Let freedom ring

A new Bible Lands Museum exhibition examines the shofar and its resounding role in Jewish history.

Rabbi blowing shofar 520 (photo credit: Ariel Jerozolimski)
Rabbi blowing shofar 520
(photo credit: Ariel Jerozolimski)
For TV personality Avri Gilad, the sounds of the shofar bring back memories of his grandfather blowing the instrument in synagogue. Singer Margalit Tsanani is reminded of her mother when she hears the blasts of the horn. Journalist Eitan Haber recalls his time as a military correspondent during the Six Day War, and sitting on an IDF bus, hearing the radio broadcast of the shofar being blown at the Western Wall for the first time in 19 years.
The shofar, and its symbolic place in the narrative of the Jewish people, is the focus of a new exhibit at the Bible Lands Museum in Jerusalem, entitled “Sound the shofar: a witness to history.”

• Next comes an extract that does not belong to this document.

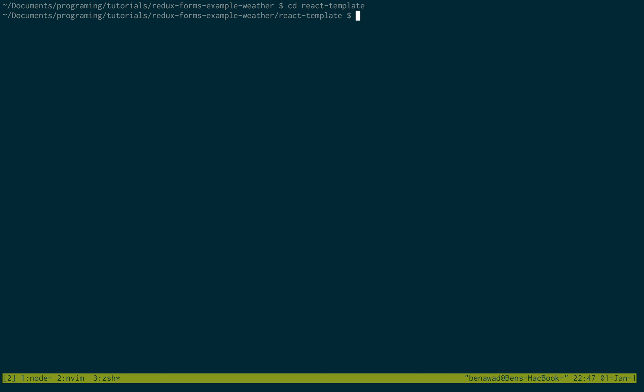And then there's two more things we need to install: Redux Form and Super Agent. So let's do npm install, and then save these guys.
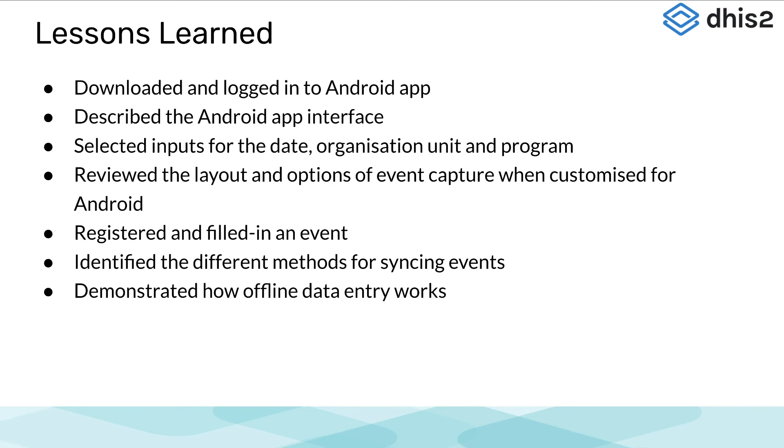Registered an event through the app, demonstrated program rules in action on the Android device, looked at the settings for syncing data from the tablet to the online instance, and lastly, we also demonstrated how offline mode works.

“It’s not about the shofar itself but about the history of the Jewish people through the prism of shofar,” says Dr. Filip Vukosavovic, curator of the exhibit.
A wide array of moments in Jewish history have been accompanied by the sounds of the shofar. During biblical times it was used to mark the beginning of battles and inauguration of kings. In the medieval period it was sounded at weddings, funerals, to announce the new moon and the start of Shabbat, and even to signify the herem, or excommunication, of a community member. Today, the shofar is most strongly associated with the High Holy Days, and is blown during the prayers of Rosh Hashana and at the completion of Yom Kippur.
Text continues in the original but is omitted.